Britain’s part in the UN’s disgraceful act of betrayal
http://www.telegraph.co.uk/comment/columnists/christopherbooker/10191984/Britains-part-in-the-UNs-disgraceful-act-of-betrayal.html
Britain’s part in the UN’s disgraceful act of betrayal
We have colluded in the appalling treatment of thousands of defenceless Iranian dissidents living in exile in Iraq
5:48PM BST 20 Jul 2013
Last
week, before the UN Security Council in New York, there unfolded the
latest bizarre chapter in one of the most extraordinary stories I have
ever followed in this column.
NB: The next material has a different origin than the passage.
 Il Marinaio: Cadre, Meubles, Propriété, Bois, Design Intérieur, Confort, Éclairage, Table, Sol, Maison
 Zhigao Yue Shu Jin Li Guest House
Testifying to the council was Martin
Kobler, who has just retired after two years as the special
representative of the UN’s Secretary-General, Ban Ki-moon, in Iraq. But
Mr Kobler stands accused of having colluded with the Iranian regime in a
conspiracy to betray thousands of defenceless Iranian dissidents, who
for years have been living in exile in Iraq, allowing scores of them to
be murdered and leaving many hundreds injured.
The
dissidents belonging to the People’s Mujahideen of Iran (PMOI), are
part of the largest Iranian opposition group, the National Council of
Resistance of Iran (NCRI), which has long been working for the
replacement of the country’s ruthless religious dictatorship, under the
Supreme Leader, the Ayatollah Khamenei, by a modern democracy. The
Tehran regime looks on the NCRI as its most hated enemy, and none of its
members have become more vulnerable than the 3,400 men and women who,
from the early 1980s onwards, lived as exiles in a neat little town they
built in the Iraqi desert, known as Camp Ashraf.
No
sooner had the last US military forces left Iraq in 2009 than Tehran’s
prime objective, with the full co-operation of the Iraqi prime minister
Nouri al-Maliki, was to eliminate those exiles who, in 2003, had each
been given personal guarantees of their safety signed by a US general.
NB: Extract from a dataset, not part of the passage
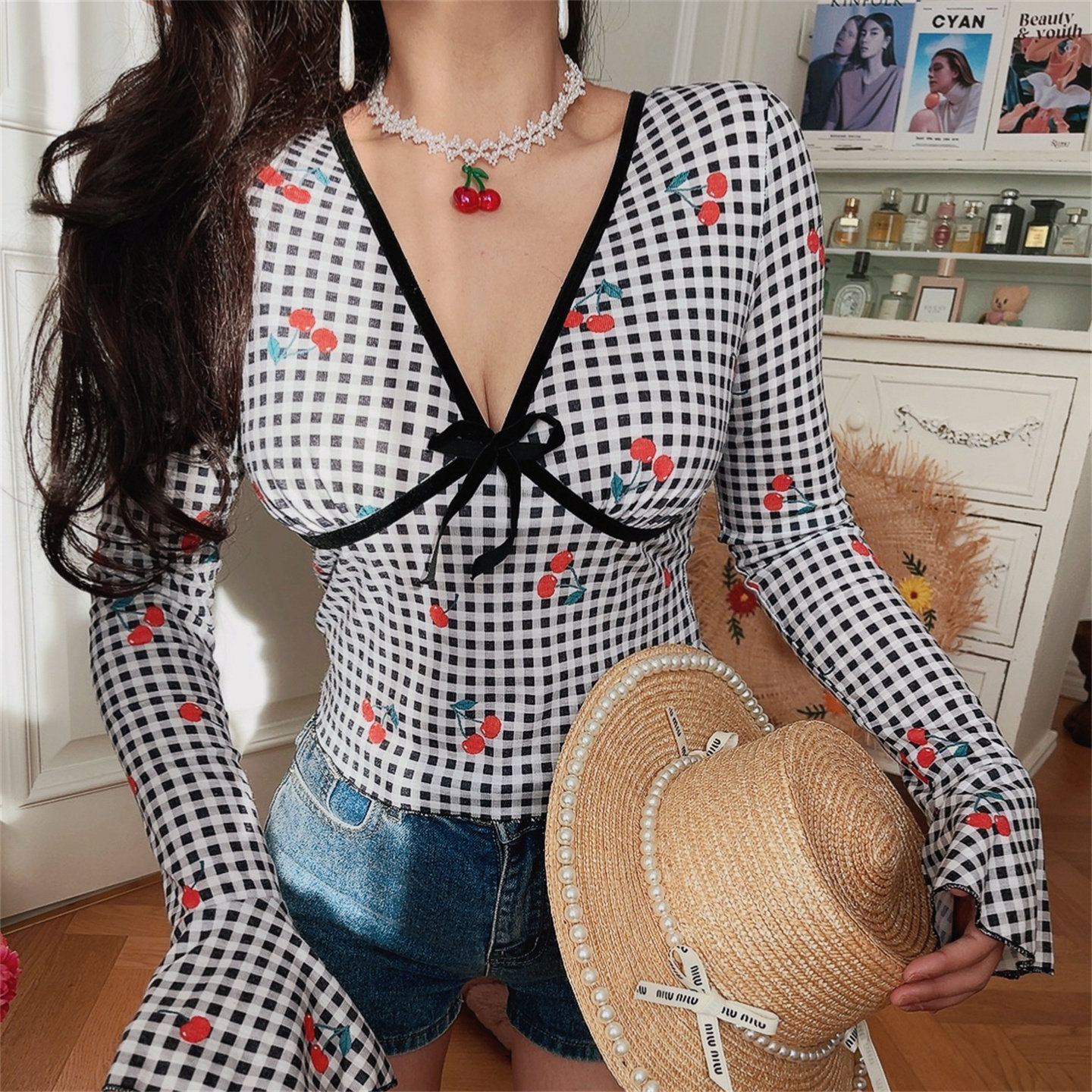 chenopod原创2026春季法式复古V领纯欲蝴蝶结喇叭袖度假小衫衬衫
First Camp Ashraf was subjected to murderous attacks by Iraqi troops
acting with Iran’s notorious Quds forces. Then in 2011, they were
tricked by Mr Kobler, acting as the UN’s special representative, into
moving into a former US military base, ironically named “Camp Liberty”,
which turned out to be no more than a hellish prison. Guarded night and
day by armed thugs, without water or electricity, robbed of their
belongings, they were subjected three more times to heavy mortar attacks
– one only last month, leaving scores more dead and injured. All this
was made possible, apparently, by Mr Kobler, one of whose senior aides
was so outraged by the deceit involved that he last year resigned,
giving chilling testimony to both the US Congress and the European
Parliament.
What
makes this story even more remarkable is the astonishing array of
supporters the two sides have managed to recruit. Last month the head of
the NCRI, Maryam Rajavi, was able to stage a vast rally in Paris
attended not just by 100,000 Iranian exiles, but by an impressive array
of political figures from 47 countries across the world, ranging from
New York’s former mayor Rudy Giuliani to senior office-holders in the
European Parliament – along with a galaxy of former top US officials,
generals and lawyers.
Most
disconcerting of all has been the part played in all this not just by
the UN itself but also by the US State Department and our Foreign Office
which, in defiance of the evidence, has continued to give Mr Kobler
unquestioning support for all he has contributed to this shameful story.
When
he appeared before the UN Security Council last Tuesday, his sanitised
account of his record in Iraq was promptly condemned by Mrs Rajavi –
backed by an abundance of documentary evidence – as no more than
“ludicrous fabrications”, a wholesale betrayal of human rights, and “a
stain on the record of the United Nations”. She warned that all the
signs are that another murderous assault on Camp Liberty will not be
long in coming. But what we in Britain should find most shocking of all
is that our own government is still, in our name, prepared to give its
full backing to what has been arguably the most disgraceful act of
betrayal the United Nations has ever put its hand to.